AI terminology moves fast, and the gap between what vendors promise and what HR teams actually understand is where failed implementations live. This glossary defines the core AI and machine learning concepts that recruiting professionals and HR leaders encounter daily — not as abstract computer science, but as operational vocabulary tied to real hiring decisions. It is a companion reference to the HR AI strategy roadmap for ethical talent acquisition, and every term below maps to a decision or risk you will encounter when building or auditing your talent acquisition stack.

Use this glossary to evaluate vendor claims, structure internal training, and build the shared language your team needs before purchasing or configuring any AI-adjacent tool.


Artificial Intelligence (AI)

Artificial Intelligence is the broad capability of a computer system to perform tasks that would otherwise require human judgment. The term is an umbrella, not a specification.
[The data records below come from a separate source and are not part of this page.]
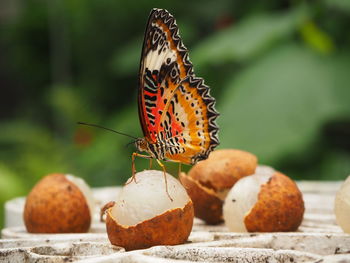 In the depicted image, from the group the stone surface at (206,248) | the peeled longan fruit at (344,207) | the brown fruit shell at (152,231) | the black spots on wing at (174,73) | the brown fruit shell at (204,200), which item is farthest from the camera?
the brown fruit shell at (204,200)

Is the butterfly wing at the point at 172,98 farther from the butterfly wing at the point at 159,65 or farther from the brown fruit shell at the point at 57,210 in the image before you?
the brown fruit shell at the point at 57,210

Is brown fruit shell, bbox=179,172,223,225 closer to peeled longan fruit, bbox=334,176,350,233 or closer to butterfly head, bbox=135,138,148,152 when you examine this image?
butterfly head, bbox=135,138,148,152

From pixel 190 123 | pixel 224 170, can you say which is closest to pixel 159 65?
pixel 190 123

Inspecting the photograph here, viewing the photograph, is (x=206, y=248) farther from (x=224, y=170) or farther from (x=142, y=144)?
(x=224, y=170)

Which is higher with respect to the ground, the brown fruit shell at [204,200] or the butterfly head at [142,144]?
the butterfly head at [142,144]

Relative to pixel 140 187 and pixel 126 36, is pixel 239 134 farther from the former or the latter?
pixel 126 36

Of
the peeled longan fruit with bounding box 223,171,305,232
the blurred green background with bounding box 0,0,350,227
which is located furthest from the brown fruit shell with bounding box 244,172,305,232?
the blurred green background with bounding box 0,0,350,227

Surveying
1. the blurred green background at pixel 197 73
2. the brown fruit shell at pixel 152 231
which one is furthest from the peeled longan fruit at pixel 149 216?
the blurred green background at pixel 197 73

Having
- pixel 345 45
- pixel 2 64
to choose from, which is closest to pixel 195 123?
pixel 345 45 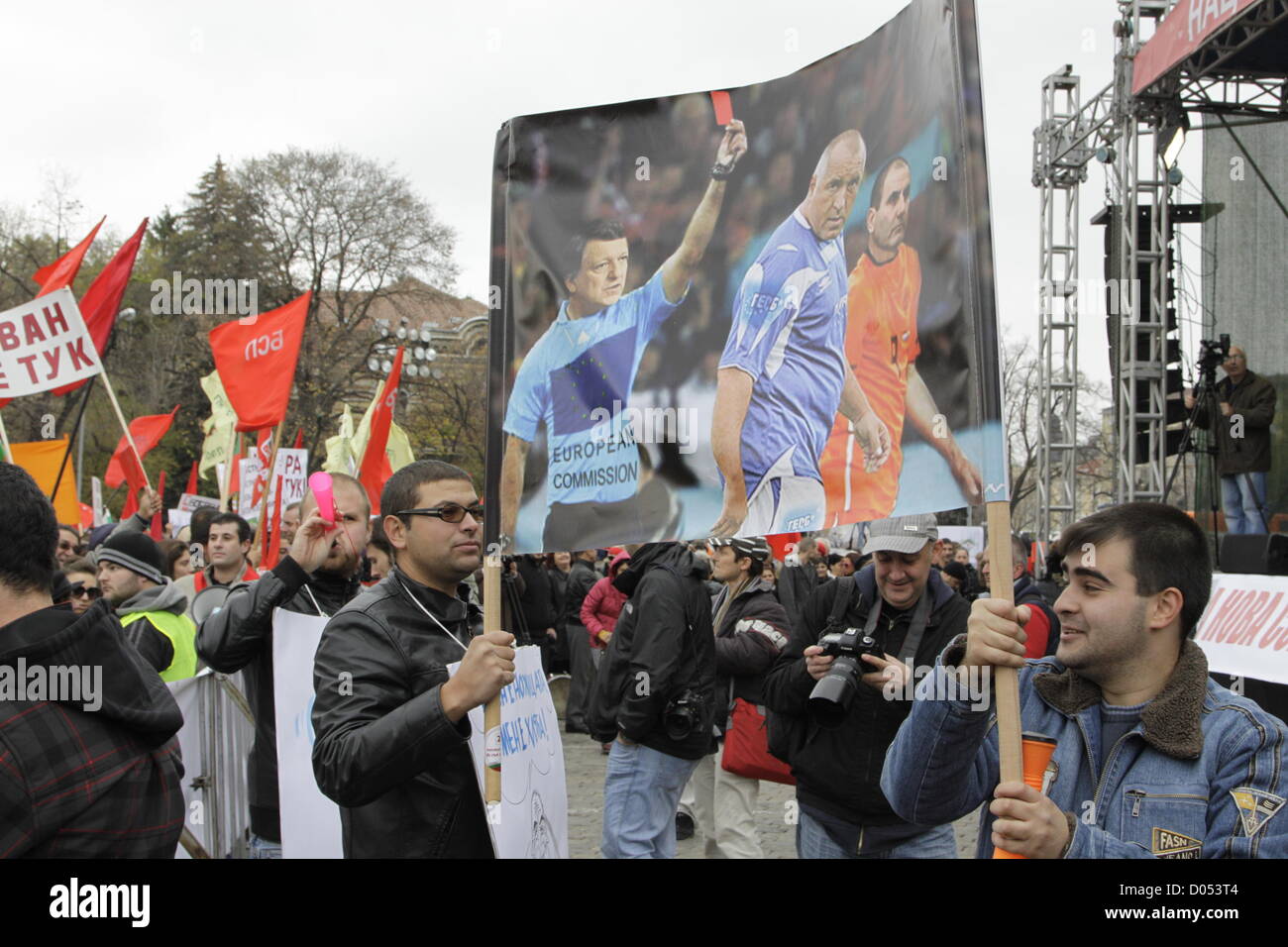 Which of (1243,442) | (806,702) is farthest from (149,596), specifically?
(1243,442)

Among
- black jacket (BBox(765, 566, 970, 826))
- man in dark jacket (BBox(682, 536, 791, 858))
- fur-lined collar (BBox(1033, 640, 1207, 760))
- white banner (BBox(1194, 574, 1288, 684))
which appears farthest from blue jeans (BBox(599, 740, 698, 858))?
fur-lined collar (BBox(1033, 640, 1207, 760))

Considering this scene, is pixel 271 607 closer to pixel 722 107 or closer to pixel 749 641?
pixel 722 107

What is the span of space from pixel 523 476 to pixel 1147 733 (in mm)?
1733

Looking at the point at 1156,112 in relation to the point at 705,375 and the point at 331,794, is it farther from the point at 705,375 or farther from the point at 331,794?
the point at 331,794

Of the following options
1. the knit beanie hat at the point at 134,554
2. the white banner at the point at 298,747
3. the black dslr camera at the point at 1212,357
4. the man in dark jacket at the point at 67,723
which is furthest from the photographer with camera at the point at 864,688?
the black dslr camera at the point at 1212,357

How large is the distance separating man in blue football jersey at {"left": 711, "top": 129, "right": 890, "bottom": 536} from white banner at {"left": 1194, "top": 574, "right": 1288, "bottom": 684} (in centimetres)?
417

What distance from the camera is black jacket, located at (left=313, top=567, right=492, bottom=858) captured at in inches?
112

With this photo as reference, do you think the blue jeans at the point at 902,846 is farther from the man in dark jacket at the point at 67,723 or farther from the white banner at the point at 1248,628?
the white banner at the point at 1248,628

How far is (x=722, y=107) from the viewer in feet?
10.3

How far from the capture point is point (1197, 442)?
13.0 m

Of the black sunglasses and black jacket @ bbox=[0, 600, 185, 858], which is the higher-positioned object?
the black sunglasses

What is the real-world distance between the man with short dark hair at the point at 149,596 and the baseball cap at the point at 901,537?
3.37 m

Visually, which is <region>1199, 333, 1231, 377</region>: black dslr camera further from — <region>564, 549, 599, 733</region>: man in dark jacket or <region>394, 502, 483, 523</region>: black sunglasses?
<region>394, 502, 483, 523</region>: black sunglasses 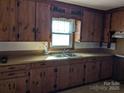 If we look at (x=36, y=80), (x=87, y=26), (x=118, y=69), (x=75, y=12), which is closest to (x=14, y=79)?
(x=36, y=80)

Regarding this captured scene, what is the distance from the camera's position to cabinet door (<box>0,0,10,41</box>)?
115 inches

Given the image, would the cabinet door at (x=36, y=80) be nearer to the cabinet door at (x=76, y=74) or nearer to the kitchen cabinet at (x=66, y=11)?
the cabinet door at (x=76, y=74)

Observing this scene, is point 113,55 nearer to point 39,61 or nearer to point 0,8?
point 39,61

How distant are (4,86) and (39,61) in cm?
83

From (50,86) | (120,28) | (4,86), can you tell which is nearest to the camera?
(4,86)

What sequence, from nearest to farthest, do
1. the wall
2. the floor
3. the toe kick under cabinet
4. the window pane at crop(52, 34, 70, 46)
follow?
the toe kick under cabinet
the wall
the floor
the window pane at crop(52, 34, 70, 46)

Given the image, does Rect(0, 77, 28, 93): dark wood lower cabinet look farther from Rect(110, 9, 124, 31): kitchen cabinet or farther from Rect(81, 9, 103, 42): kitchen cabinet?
Rect(110, 9, 124, 31): kitchen cabinet

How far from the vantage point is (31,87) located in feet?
9.91

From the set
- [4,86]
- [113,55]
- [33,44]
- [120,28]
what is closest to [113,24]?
[120,28]

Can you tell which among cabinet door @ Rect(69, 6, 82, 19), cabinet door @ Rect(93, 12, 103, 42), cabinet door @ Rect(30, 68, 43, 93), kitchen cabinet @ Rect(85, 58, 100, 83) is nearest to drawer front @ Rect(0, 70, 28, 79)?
cabinet door @ Rect(30, 68, 43, 93)

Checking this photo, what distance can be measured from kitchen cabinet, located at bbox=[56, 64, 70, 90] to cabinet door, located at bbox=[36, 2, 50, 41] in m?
0.84

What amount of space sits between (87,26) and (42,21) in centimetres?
160

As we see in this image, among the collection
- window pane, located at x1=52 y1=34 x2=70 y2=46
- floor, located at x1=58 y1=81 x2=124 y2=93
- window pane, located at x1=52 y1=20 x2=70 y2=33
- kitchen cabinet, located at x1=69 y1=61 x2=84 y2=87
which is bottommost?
floor, located at x1=58 y1=81 x2=124 y2=93

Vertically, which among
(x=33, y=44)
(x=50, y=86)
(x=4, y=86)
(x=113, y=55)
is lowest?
(x=50, y=86) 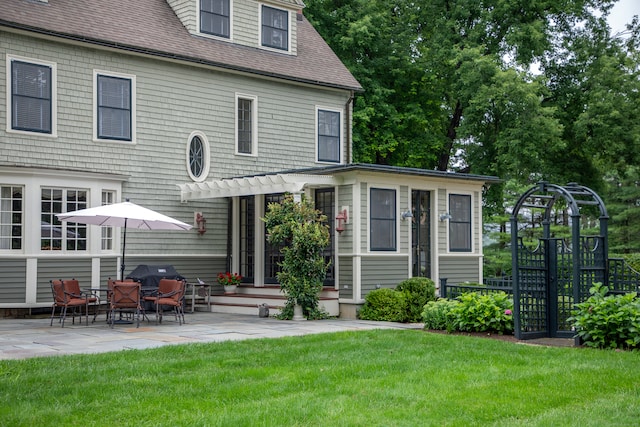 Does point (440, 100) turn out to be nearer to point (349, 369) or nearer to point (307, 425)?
point (349, 369)

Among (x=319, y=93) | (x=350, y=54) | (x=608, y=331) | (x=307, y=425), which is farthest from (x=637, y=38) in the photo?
(x=307, y=425)

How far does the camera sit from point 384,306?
1541 cm

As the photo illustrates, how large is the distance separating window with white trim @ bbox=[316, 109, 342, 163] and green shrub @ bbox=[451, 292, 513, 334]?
9.43 meters

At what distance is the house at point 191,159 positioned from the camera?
15.7 meters

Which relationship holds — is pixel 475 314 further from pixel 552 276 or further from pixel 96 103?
pixel 96 103

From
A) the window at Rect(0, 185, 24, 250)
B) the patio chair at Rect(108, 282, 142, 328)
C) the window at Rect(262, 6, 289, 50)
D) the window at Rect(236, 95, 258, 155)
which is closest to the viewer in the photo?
the patio chair at Rect(108, 282, 142, 328)

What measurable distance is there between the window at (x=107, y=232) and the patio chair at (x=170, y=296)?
2424 millimetres

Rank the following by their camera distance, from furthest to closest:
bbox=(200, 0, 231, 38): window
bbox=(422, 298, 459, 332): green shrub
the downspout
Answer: the downspout, bbox=(200, 0, 231, 38): window, bbox=(422, 298, 459, 332): green shrub

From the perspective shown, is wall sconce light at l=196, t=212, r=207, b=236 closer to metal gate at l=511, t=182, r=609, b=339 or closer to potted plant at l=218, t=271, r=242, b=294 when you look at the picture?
potted plant at l=218, t=271, r=242, b=294

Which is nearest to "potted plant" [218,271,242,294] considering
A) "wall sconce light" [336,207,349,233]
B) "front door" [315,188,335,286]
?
"front door" [315,188,335,286]

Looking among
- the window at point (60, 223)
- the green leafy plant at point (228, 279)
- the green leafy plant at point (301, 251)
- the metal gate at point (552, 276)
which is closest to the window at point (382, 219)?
the green leafy plant at point (301, 251)

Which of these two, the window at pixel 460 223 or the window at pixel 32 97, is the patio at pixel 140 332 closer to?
the window at pixel 32 97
It covers everything from a rule-based chatbot that routes candidate questions to a sophisticated model that predicts 90-day offer acceptance probability.

In HR and recruiting, AI manifests in several layers:

  • Task automation with intelligence: Scheduling interviews, routing applications, triggering follow-up messages based on candidate stage.
  • Pattern recognition: Identifying which resume signals correlate with successful hires in a specific role family.
  • Generative output: Drafting job descriptions, outreach messages, or interview question sets from a brief prompt.
  • Prediction: Forecasting time-to-fill, offer acceptance rate, or 12-month retention likelihood.
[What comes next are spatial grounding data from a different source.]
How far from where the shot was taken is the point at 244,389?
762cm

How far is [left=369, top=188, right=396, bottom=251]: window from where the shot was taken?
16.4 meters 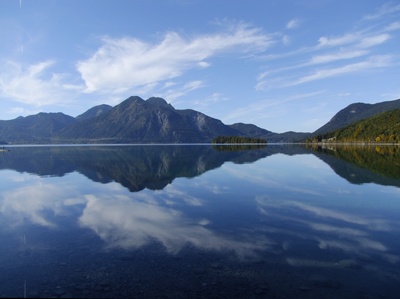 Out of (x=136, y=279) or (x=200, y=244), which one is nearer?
(x=136, y=279)

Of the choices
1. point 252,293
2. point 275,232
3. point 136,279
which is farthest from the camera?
point 275,232

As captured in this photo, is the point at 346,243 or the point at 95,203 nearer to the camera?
the point at 346,243

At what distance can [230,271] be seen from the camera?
16266 mm

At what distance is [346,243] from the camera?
67.8 ft

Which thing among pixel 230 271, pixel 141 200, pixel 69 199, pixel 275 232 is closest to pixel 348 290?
pixel 230 271

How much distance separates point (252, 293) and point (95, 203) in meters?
24.8

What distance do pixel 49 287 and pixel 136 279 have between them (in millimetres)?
3964

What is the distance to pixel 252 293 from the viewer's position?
13.9 m

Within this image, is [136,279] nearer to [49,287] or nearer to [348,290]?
[49,287]

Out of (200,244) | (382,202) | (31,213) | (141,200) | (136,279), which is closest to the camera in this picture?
(136,279)

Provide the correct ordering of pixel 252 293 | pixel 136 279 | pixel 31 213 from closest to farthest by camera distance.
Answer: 1. pixel 252 293
2. pixel 136 279
3. pixel 31 213

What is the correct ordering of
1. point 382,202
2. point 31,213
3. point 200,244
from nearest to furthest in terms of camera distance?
point 200,244
point 31,213
point 382,202

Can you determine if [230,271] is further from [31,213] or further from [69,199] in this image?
[69,199]

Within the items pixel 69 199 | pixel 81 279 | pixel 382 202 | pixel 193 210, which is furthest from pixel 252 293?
pixel 69 199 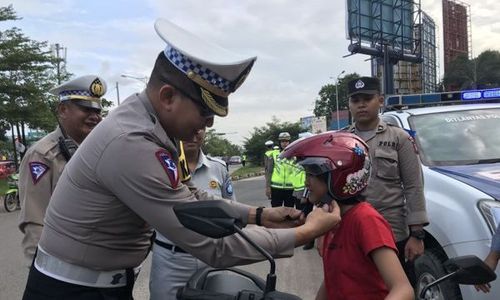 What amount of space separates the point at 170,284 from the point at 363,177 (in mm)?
1377

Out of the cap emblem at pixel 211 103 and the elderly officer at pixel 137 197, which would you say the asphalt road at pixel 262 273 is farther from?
the cap emblem at pixel 211 103

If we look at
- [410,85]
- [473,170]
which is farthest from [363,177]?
[410,85]

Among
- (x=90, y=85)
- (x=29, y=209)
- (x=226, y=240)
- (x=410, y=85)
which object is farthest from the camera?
(x=410, y=85)

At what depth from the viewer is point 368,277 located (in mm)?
2299

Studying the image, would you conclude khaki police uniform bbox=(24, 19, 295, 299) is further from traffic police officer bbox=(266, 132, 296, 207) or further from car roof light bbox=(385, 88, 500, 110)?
traffic police officer bbox=(266, 132, 296, 207)

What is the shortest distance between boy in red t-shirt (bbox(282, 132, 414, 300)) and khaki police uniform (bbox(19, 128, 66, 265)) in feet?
5.00

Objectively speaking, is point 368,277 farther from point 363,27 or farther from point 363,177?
point 363,27

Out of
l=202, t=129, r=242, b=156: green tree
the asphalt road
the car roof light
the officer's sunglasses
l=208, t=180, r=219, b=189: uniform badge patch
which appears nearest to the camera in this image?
the officer's sunglasses

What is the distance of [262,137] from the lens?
7500 centimetres

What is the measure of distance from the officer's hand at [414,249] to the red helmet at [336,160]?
1.72 meters

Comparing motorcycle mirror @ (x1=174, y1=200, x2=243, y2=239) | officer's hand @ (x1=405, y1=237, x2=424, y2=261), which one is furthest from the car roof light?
motorcycle mirror @ (x1=174, y1=200, x2=243, y2=239)

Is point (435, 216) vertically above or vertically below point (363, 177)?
below

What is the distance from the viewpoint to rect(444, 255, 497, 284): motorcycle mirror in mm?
1853

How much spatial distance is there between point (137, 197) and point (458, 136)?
12.5 feet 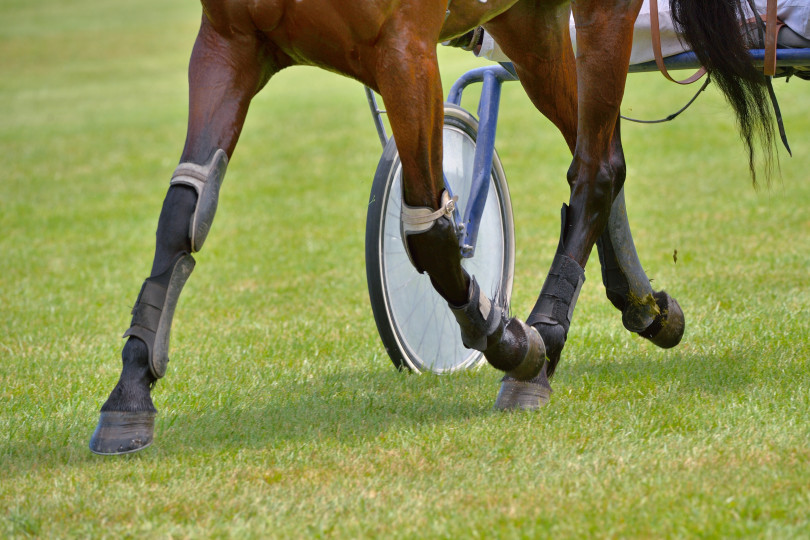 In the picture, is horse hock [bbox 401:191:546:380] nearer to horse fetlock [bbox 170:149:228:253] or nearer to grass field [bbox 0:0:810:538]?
grass field [bbox 0:0:810:538]

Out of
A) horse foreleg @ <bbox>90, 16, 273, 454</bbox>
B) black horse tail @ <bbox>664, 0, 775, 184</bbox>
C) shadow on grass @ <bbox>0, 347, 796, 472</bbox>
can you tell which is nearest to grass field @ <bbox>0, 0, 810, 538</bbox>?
shadow on grass @ <bbox>0, 347, 796, 472</bbox>

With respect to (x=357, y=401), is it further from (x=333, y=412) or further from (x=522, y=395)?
(x=522, y=395)

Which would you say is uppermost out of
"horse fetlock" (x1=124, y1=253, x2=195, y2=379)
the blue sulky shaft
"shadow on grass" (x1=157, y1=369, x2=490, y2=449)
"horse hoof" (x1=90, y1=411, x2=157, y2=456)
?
the blue sulky shaft

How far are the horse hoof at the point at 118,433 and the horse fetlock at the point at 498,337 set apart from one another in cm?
92

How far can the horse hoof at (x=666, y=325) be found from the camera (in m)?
3.80

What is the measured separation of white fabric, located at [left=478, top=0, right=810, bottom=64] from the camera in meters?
3.78

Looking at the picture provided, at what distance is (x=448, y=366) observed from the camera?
4.04 metres

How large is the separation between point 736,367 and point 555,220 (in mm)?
3881

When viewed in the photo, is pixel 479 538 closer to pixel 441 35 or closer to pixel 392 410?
pixel 392 410

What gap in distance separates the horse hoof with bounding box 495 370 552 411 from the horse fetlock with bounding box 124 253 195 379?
3.51 ft

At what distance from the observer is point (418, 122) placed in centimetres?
271

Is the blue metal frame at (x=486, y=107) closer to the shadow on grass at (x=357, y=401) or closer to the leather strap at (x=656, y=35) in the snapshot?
the leather strap at (x=656, y=35)

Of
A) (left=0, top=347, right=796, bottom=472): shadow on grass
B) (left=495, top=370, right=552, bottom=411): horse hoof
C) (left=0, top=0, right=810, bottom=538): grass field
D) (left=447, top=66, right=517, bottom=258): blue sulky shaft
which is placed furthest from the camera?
(left=447, top=66, right=517, bottom=258): blue sulky shaft

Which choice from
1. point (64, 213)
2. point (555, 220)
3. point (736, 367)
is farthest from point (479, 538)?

The critical distinction HR leaders must internalize: AI is not a monolith. When a vendor says their platform “uses AI,” that claim is nearly meaningless without knowing which layer — and what data it runs on. See the common misconceptions about AI resume parsing for a practical breakdown of how this confusion costs teams time and budget.

Why It Matters

Gartner identifies AI in HR as one of the highest-impact technology investments available to CHROs — and simultaneously one of the highest-risk when deployed without a structured data and process foundation beneath it.


Machine Learning (ML)

Machine Learning is a subset of AI in which a system improves its performance on a task by learning from data rather than following explicitly programmed rules. Instead of a developer writing every decision path, an ML model is trained on historical examples and learns to generalize patterns to new inputs.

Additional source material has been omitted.